Friday, November 12, 2010

Days 131 - 133

I haven’t been near a set of scales for a while. Last time I went to the clinic I had put on a kilo. I keep telling myself that this is the first time in my life that I have been disappointed by putting on one, singular, kilo in the space of 30 days.

Biggest gain in shortest amount of time? Probably 5kg in 2 weeks when I was 17 on band tour in New Zealand. I ate tinned fruit with cream for breakfast every day and every meal was all you can eat.

Anyway.

Another friend who had the surgery a few months after N and I had a substantial success in her weight loss in the last month. Of course, your duty as a friend is to feel happy for the other person, and proud of their achievement. But it's bittersweet because it puts in relief what you perceive as your own failings when you're both engaged in a challenge you feel so invested in. In a way, it's a selfish way to be because you end up turning something wonderful about someone else's life into a negative reflection on your own life. In doing that you simplify someone else's efforts, you deny efforts they made, and you make it all about you. The fundamental attribution error most definitely applies, specifically, the self-serving bias and you've made no effort to get around this cognitively. How do you get around these sorts of biases? How do you feel ok?

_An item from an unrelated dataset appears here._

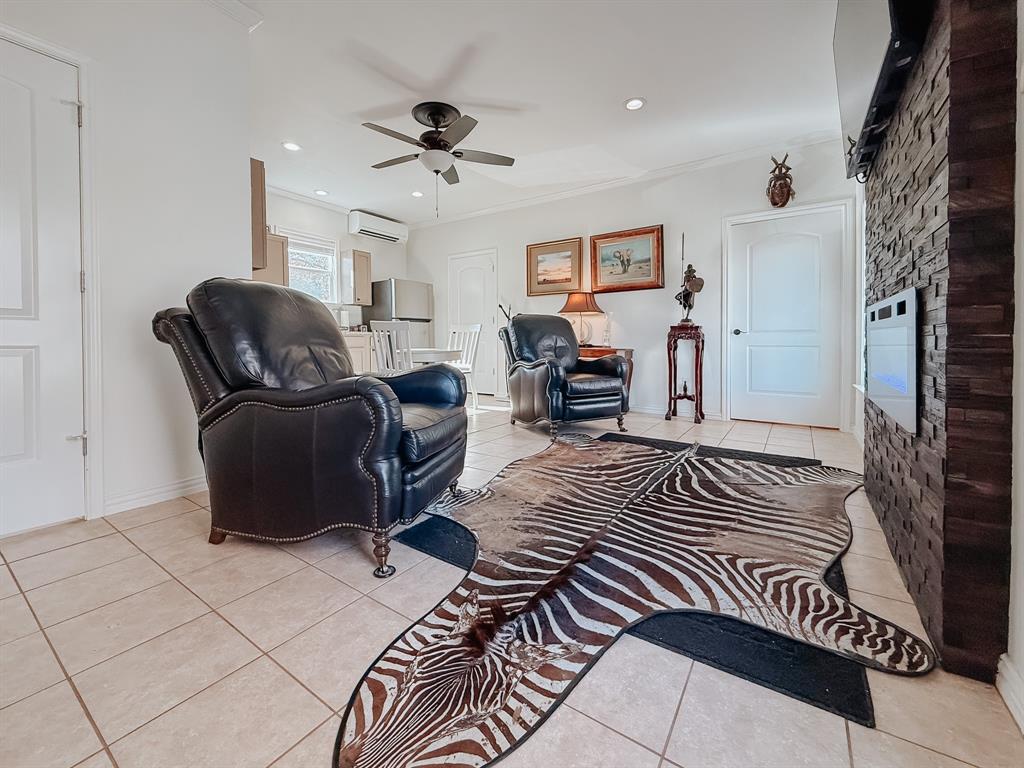 128 Meandering Way Mabank, TX 75156 - Photo 15 of 38 a living room with furniture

Number one, it's important to know that we all tend to do this, if we don't think too hard about the world around us - you're not an asshole. You can also look for consensus information - if the same results occur for most people in the same situation, you can safely assume that the likely cause is the situation. You can also ask yourself how you would act in the same situation. Finally, you might look for unseen, and less salient factors that can affect the outcome.

The second and the fourth strategies are fine: most people who have weight loss surgeries lose substantial amounts of weight; and I know nothing of my friend's medical history or anything to do with her eating or exercise habits. The third strategy causes me strife at the moment because I'm not doing that well right now, but of course I'm not in the same situation as my friend. I may be female, of the same age and have also have had the surgery, but our lived experiences are entirely different, as are our relationships with food, exercise and our bodies.

So really, I should just stop comparing myself to other women. Because upward social comparison can be a bitch for your self esteem if you're not careful.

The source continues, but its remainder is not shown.